Turkiye is set to restart operations on a crude oil pipeline from Iraq within a week, after it was suspended for around six months over disputes regarding exports and arbitration.
Speaking at the ADIPEC conference in Abu Dhabi today, Turkiye’s Energy Minister, Alparslan Bayraktar, announced that “Within this week, we will start operating the Iraq-Turkiye pipeline after resuming operations. It will be able to supply half a million barrels, almost, to global oil markets”.
In March, Iraq’s northern oil export route – which carries almost half a million barrels of crude per day contributes around 0.5 percent of global crude supply – was halted following the International Chamber of Commerce’s (ICC) arbitration ruling, ordering Turkiye to pay Iraq billions of dollars in damages for unauthorised exports between 2014 and 2018.

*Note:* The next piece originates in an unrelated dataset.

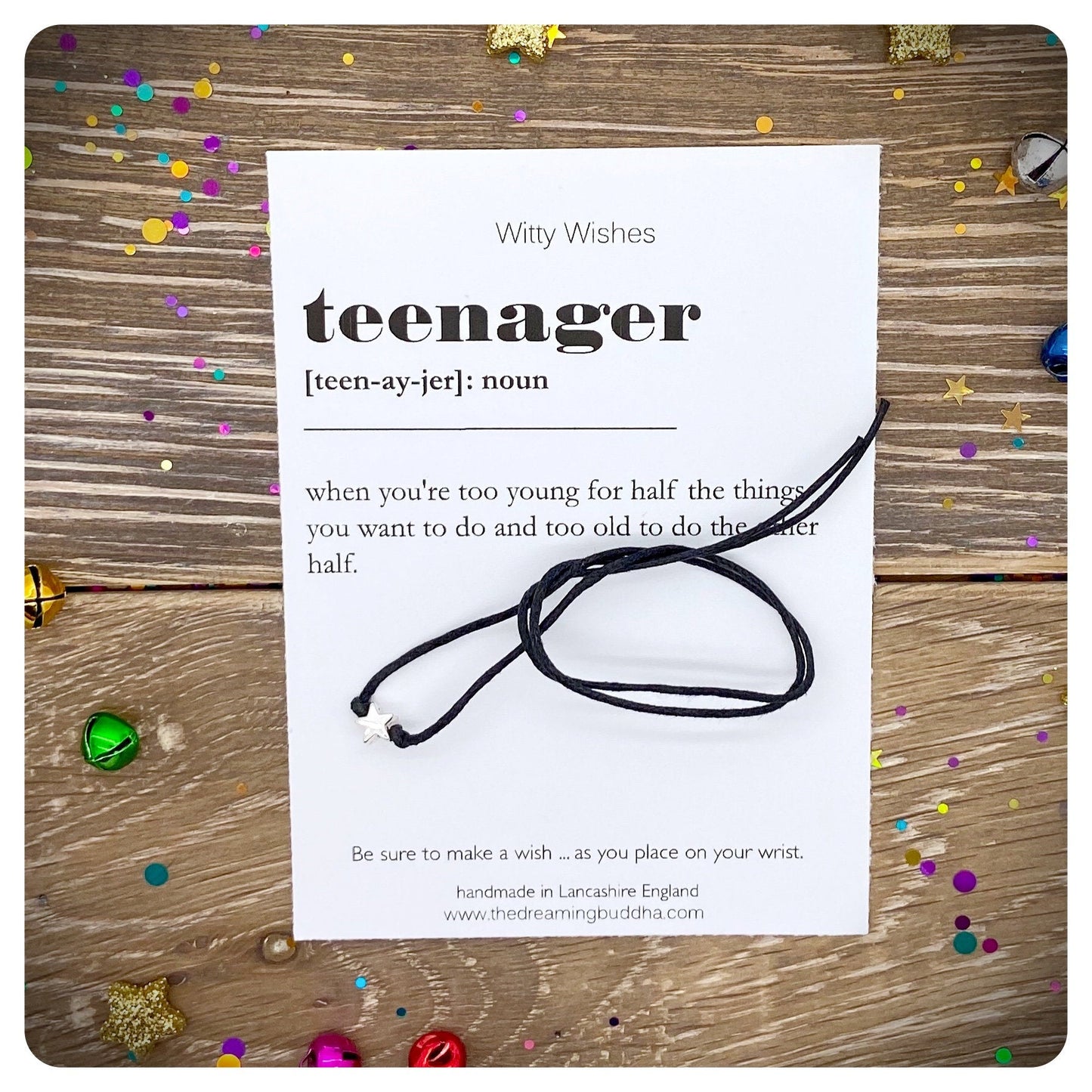 Teenager Wish Bracelet, Teenager Dictionary Definition Card, Teen wish Bracelet, Official Teen Gift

Turkiye started maintenance work on the pipeline while continuing to engage in a legal battle against the arbitration ruling but, due to the fact that the pipeline goes through a seismic zone and suffered damage from the devastating earthquakes in south-eastern Turkiye in February, Ankara agreed with Baghdad to wait until a maintenance assessment on it was completed before restarting oil flows.
Both countries are set to benefit from the resumption of the pipeline’s operations, particularly Iraq which – along with its northern Kurdistan Region – lost around $5.5 billion as a result of the six-month-long halt.